### DESCRIPTION OF THE TASK
Use the entries below and reproduce exactly the lines from the one containing "Beswick arkle with - with, pat" down to the one containing "Mens Pilot Mill Belt Brown Peter Millar Belts Mens", both of them included.

### EXCERPTED DATA
-*-*-

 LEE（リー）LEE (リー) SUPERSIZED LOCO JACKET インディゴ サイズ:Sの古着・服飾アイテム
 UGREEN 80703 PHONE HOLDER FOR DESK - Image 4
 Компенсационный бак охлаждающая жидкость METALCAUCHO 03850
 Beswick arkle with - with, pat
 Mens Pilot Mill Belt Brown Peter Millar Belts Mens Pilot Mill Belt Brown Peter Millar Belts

-*-*-

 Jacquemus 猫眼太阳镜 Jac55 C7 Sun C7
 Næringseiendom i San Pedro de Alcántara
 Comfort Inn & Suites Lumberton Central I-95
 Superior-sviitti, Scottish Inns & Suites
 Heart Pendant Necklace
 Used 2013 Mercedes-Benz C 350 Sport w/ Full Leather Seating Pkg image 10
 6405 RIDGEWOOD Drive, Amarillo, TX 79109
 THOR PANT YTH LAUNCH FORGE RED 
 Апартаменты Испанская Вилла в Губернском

-*-*-

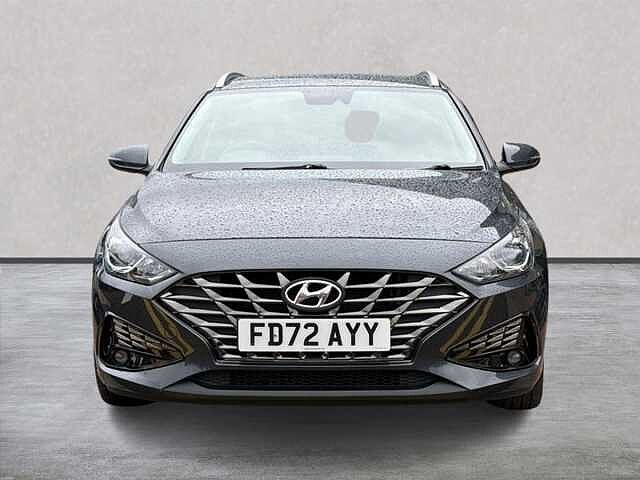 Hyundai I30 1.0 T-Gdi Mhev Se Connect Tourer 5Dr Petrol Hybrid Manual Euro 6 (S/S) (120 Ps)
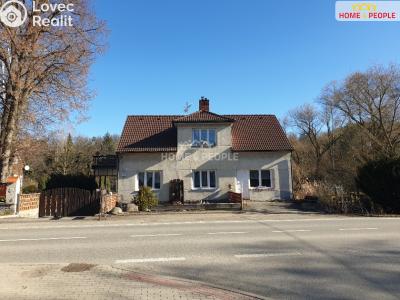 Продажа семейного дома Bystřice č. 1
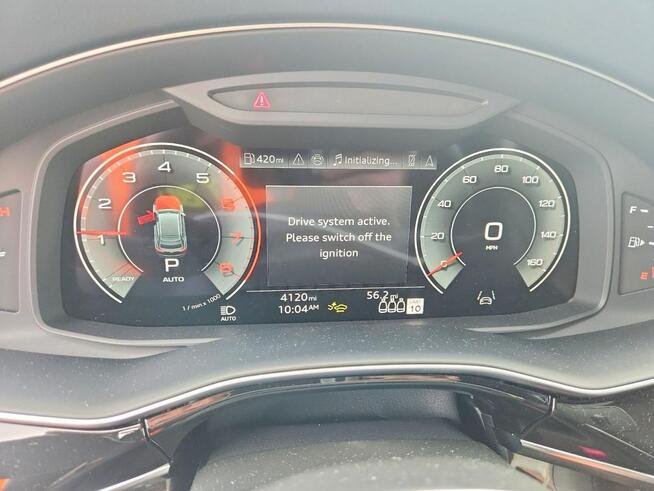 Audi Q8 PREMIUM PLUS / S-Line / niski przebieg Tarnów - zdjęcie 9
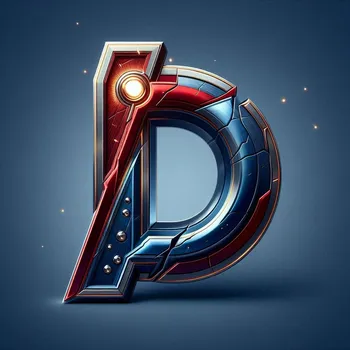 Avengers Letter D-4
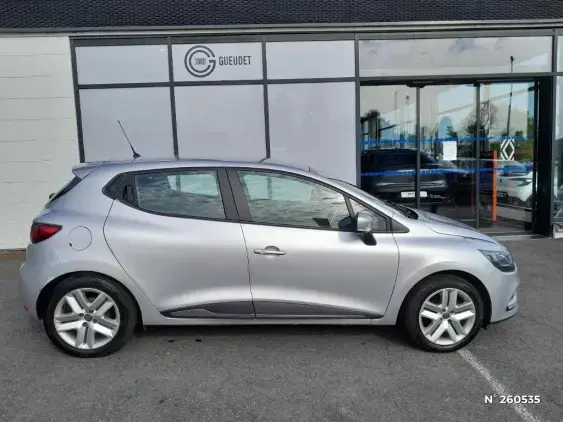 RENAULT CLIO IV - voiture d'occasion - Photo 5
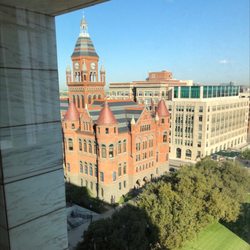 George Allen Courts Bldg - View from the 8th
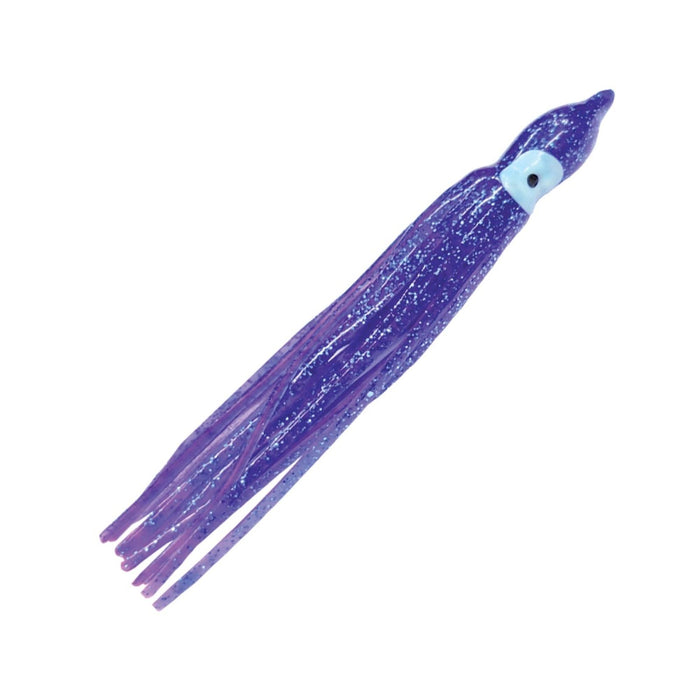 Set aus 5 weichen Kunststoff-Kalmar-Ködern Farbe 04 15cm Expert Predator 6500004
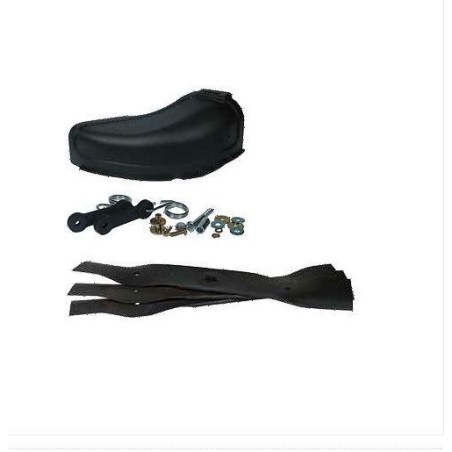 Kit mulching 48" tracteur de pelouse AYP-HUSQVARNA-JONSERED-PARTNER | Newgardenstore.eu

-*-*-

### RESULT FOR THIS EXERCISE
 Beswick arkle with - with, pat
 Mens Pilot Mill Belt Brown Peter Millar Belts Mens Pilot Mill Belt Brown Peter Millar Belts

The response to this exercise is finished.